Dear editor:As an African-American journalist and someone who advises high school students and parents about college choices, I am deeply disturbed about reports of censorship at The Gramblinite newspaper.
From the reports I’ve read, it seems that the paper’s editor and adviser did the right thing when they made the decision to take down the photos (because of) the objections of members of the campus community; it’s something that media outlets do all the time.
However, to have the university president order the entire story pulled smacks of censorship.
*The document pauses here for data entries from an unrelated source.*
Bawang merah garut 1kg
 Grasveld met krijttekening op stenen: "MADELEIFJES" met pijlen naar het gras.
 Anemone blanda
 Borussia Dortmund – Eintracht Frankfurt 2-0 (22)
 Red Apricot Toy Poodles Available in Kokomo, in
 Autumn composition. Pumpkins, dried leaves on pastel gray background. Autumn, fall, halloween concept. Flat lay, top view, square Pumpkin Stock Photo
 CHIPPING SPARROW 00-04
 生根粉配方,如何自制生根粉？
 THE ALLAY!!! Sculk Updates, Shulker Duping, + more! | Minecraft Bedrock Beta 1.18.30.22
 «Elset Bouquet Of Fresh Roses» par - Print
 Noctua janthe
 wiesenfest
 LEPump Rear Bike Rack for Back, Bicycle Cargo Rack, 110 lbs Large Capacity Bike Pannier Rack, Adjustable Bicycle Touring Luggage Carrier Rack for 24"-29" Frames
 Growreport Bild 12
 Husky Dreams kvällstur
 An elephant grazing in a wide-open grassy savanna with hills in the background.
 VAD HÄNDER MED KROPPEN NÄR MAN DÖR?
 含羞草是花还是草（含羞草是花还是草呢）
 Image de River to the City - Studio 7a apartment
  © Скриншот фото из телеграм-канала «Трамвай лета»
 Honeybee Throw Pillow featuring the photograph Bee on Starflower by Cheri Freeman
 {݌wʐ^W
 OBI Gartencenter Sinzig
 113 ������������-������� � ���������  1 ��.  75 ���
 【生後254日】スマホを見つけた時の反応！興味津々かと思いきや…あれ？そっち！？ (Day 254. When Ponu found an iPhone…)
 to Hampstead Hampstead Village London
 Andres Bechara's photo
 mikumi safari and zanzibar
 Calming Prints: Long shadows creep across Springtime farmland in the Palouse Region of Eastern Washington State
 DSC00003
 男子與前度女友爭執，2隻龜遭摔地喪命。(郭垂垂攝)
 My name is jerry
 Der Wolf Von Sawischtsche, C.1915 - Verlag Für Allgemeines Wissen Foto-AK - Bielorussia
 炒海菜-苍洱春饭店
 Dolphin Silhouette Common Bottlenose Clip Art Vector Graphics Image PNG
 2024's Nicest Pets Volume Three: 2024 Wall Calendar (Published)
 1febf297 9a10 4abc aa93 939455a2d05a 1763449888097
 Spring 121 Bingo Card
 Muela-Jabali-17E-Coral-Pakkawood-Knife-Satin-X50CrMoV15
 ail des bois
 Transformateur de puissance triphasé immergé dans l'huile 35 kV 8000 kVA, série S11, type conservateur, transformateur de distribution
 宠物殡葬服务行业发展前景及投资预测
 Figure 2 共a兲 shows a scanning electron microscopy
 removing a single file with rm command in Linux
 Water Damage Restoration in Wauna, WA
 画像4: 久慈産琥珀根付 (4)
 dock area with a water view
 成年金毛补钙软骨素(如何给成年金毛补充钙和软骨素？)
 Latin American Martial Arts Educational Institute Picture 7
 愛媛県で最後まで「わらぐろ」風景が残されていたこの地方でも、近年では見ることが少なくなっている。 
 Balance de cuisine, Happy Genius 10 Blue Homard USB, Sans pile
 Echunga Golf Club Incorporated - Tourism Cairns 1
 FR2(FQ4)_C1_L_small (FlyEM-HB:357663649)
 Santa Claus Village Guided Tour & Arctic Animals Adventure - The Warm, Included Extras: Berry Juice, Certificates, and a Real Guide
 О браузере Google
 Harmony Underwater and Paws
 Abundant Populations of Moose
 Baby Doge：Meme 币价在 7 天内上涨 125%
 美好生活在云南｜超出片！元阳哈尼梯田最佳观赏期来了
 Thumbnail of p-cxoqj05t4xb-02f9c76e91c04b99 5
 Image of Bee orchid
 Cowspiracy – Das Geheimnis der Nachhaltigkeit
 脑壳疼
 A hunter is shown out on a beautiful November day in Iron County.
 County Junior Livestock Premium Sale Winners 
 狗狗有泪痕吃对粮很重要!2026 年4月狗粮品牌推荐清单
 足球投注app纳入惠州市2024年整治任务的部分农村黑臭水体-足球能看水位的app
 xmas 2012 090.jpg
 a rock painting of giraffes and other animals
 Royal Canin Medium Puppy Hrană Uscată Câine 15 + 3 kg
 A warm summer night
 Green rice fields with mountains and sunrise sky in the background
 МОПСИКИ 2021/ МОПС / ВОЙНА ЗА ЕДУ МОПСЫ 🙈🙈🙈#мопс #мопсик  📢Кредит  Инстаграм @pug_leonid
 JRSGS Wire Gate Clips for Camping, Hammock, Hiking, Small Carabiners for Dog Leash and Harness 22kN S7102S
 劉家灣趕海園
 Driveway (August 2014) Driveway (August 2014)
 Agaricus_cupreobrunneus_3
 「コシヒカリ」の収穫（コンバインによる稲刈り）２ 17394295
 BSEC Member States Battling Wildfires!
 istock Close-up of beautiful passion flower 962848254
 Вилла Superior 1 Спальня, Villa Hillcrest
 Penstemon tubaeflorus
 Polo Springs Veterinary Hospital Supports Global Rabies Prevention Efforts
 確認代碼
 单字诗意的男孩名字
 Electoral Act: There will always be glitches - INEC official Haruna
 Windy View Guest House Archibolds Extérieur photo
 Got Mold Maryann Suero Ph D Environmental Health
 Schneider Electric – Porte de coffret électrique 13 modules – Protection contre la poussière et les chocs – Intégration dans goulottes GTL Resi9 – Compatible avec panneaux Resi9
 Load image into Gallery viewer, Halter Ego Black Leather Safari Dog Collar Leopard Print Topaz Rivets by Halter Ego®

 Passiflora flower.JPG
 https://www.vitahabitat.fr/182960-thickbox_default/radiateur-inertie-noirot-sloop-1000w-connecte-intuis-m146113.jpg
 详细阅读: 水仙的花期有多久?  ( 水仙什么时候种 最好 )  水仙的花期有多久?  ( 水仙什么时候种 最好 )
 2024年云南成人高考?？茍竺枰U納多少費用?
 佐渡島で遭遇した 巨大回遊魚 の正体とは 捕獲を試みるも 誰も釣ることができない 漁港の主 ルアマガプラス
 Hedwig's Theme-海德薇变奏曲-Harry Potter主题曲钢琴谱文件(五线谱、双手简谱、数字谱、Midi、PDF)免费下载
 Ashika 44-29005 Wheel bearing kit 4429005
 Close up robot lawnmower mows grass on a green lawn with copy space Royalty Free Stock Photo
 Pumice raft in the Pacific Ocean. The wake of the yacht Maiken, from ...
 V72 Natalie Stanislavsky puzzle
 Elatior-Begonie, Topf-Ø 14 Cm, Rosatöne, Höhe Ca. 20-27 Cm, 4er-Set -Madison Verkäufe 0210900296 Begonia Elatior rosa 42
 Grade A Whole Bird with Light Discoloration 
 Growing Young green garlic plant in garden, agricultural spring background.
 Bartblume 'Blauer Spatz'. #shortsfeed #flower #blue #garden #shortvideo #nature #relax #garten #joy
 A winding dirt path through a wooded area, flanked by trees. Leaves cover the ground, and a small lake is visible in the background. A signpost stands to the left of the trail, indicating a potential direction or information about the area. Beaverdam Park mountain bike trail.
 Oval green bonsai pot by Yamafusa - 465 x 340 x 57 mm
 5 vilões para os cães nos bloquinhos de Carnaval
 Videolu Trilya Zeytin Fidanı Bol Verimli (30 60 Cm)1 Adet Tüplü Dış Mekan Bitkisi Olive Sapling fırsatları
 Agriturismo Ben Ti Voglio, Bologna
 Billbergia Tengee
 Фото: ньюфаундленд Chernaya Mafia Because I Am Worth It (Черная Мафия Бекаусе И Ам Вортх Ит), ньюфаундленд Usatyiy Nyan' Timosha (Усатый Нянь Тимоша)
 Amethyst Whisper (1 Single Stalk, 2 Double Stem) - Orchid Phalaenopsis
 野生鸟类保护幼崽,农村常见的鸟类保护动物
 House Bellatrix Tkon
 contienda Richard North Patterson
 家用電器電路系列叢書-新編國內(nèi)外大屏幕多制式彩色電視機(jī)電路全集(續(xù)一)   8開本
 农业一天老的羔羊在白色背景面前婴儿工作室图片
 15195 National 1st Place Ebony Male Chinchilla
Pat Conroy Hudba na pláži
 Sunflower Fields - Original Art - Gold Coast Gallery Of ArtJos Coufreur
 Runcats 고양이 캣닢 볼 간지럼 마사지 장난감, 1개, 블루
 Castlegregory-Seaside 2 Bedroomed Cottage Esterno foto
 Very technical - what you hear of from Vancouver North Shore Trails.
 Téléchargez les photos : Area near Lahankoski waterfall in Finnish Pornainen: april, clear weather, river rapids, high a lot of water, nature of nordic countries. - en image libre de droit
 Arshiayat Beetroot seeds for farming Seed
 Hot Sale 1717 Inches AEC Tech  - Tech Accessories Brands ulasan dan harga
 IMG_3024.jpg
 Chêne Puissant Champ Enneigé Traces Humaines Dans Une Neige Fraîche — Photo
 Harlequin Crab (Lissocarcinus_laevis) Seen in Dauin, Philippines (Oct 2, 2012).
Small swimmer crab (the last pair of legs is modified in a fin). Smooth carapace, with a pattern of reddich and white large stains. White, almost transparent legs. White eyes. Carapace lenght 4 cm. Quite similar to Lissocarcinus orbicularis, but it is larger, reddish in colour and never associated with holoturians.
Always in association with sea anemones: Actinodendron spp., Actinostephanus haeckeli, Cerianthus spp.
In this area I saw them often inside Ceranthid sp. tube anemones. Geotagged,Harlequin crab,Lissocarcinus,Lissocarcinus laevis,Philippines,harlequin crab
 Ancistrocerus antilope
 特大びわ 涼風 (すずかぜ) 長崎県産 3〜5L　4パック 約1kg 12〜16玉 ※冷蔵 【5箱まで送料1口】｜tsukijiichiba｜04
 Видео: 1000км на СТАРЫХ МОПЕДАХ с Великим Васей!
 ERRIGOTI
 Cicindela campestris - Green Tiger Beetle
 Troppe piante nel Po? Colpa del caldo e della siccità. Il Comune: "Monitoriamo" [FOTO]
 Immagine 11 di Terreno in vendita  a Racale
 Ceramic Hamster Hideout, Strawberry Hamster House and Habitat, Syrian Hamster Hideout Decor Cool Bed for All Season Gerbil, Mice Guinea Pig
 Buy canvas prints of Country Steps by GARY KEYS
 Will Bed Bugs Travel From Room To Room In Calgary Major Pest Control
This is not the first time that the administration at Grambling has violated the rights of student journalists.
This would not happen at a non-HBCU with a major journalism program, such as Northwestern, USC, Missouri, Cal State Fullerton, San Francisco State or North Carolina, where administrators have a “hands off” policy toward the content of student publications.
I have advised students and parents to avoid journalism programs at HBCUs with the exception of Howard University because of a pattern of censorship and interference by HBCU administrators toward student newspapers and journalism departments.
Some student newspapers have divorced themselves from the university and have become independent, for-profit newspapers rather than subject themselves to censorship and editorial control from the administration. In these days of the Internet, it’s very easy and very inexpensive to set up an independent online student newspaper.
I would hope student journalism at Grambling can stay on campus. But I think that there could come a time when students at Grambling, and other HBCUs, will set up independent, online versions of campus publications if administrators continue to censor the work of student journalists.